The CAC report offers the Board practical, reasonable, and enforceable options for amending the Village Code that are supported by recent scientific studies further documenting the harmful effects of gas leaf blower noise and emissions and by a comprehensive review of current electric leaf blower technology.

The CAC’s technology review shows that electric blowers are adequate and cost-effective for use by commercial landscapers to remove leaves, clippings and other debris other than during the Fall leaf season. Our Village Code has banned gas blowers from June 1 to September 30 since 1994. Landscapers operating in Scarsdale already own and use electric blowers and everyone’s lawns look great. Now is the time to extend the electric-only rule to the Spring. There is no longer a technology or cost argument to justify exposing residents to gas blower noise and emissions in the Spring.

The CAC found that while it was “cost prohibitive” for commercial landscapers to remove leaves in the Fall with electric blowers, it recommended in Option One that the Board mitigate the gas blowers’ harmful effects on residents by designating three electric-only days per week during the three-month leaf season. On the remaining four days, landscapers can continue to start at 8 AM, use multiple gas blowers at the same time and blow without limit on small lots in our densely populated neighborhoods. But at least residents would know that they have three days, including weekends, to enjoy their homes and community free of harmful noise and emissions.
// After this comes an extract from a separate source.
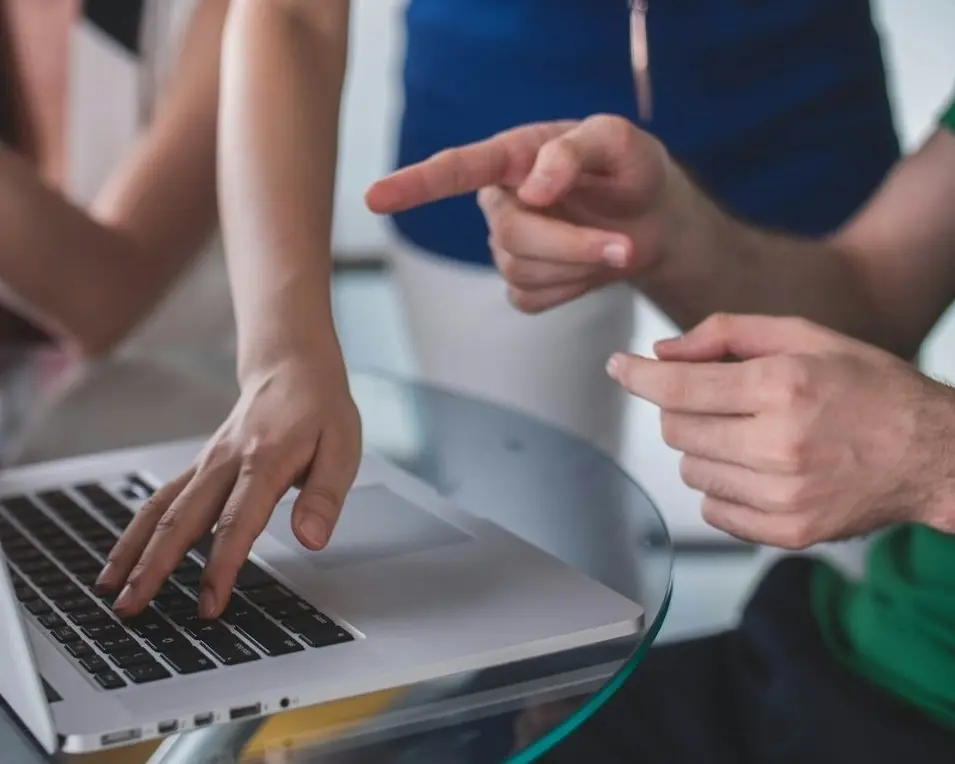 Two people troubleshooting together at a laptop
The CAC’s Option One compromise is more than fair to the landscapers who operate in Scarsdale and to the residents who employ them. The harm caused by gas blower noise pollution and emissions documented in the CAC report would easily justify a total ban. I strongly urge the Board to schedule a hearing on a resolution amending the Village Code to implement Option One in time to protect residents this Spring.

Anne Hintermeister
Chase Road

This letter was written by Susan Douglass:

Dear Mayor Samwick and Trustees:
As a resident of Scarsdale for over three decades, who works from home in Fox Meadow and who is also frequently out walking in many of Scarsdale’s other neighborhoods, I can attest to the hugely negative impact of gas-powered leaf blowers. The ear-splitting noise and toxic fumes are detrimental to everyone’s health. Fortunately, there are other solutions available to clear residents’ properties of leaves.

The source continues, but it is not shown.